■ To do
All of the data below needs to be set down again, exactly as shown.

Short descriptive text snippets
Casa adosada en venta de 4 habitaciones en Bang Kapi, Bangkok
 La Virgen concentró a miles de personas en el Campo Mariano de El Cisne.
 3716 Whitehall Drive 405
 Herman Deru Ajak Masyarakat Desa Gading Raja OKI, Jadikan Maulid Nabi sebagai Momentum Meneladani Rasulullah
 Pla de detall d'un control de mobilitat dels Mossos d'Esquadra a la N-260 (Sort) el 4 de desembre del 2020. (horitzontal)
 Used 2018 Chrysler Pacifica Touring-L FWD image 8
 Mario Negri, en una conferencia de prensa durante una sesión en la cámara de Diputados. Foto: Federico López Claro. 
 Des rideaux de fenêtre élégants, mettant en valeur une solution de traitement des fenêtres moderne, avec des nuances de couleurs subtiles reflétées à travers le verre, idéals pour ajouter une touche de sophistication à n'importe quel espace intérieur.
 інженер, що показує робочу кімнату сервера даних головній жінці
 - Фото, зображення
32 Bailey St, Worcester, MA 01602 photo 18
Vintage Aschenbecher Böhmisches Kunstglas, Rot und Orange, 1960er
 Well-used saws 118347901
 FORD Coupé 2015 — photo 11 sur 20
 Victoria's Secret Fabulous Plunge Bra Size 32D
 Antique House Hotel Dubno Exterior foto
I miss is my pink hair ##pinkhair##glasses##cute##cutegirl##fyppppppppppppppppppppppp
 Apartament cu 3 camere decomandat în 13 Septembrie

■ Your response
Casa adosada en venta de 4 habitaciones en Bang Kapi, Bangkok
 La Virgen concentró a miles de personas en el Campo Mariano de El Cisne.
 3716 Whitehall Drive 405
 Herman Deru Ajak Masyarakat Desa Gading Raja OKI, Jadikan Maulid Nabi sebagai Momentum Meneladani Rasulullah
 Pla de detall d'un control de mobilitat dels Mossos d'Esquadra a la N-260 (Sort) el 4 de desembre del 2020. (horitzontal)
 Used 2018 Chrysler Pacifica Touring-L FWD image 8
 Mario Negri, en una conferencia de prensa durante una sesión en la cámara de Diputados. Foto: Federico López Claro. 
 Des rideaux de fenêtre élégants, mettant en valeur une solution de traitement des fenêtres moderne, avec des nuances de couleurs subtiles reflétées à travers le verre, idéals pour ajouter une touche de sophistication à n'importe quel espace intérieur.
 інженер, що показує робочу кімнату сервера даних головній жінці
 - Фото, зображення
32 Bailey St, Worcester, MA 01602 photo 18
Vintage Aschenbecher Böhmisches Kunstglas, Rot und Orange, 1960er
 Well-used saws 118347901
 FORD Coupé 2015 — photo 11 sur 20
 Victoria's Secret Fabulous Plunge Bra Size 32D
 Antique House Hotel Dubno Exterior foto
I miss is my pink hair ##pinkhair##glasses##cute##cutegirl##fyppppppppppppppppppppppp
 Apartament cu 3 camere decomandat în 13 Septembrie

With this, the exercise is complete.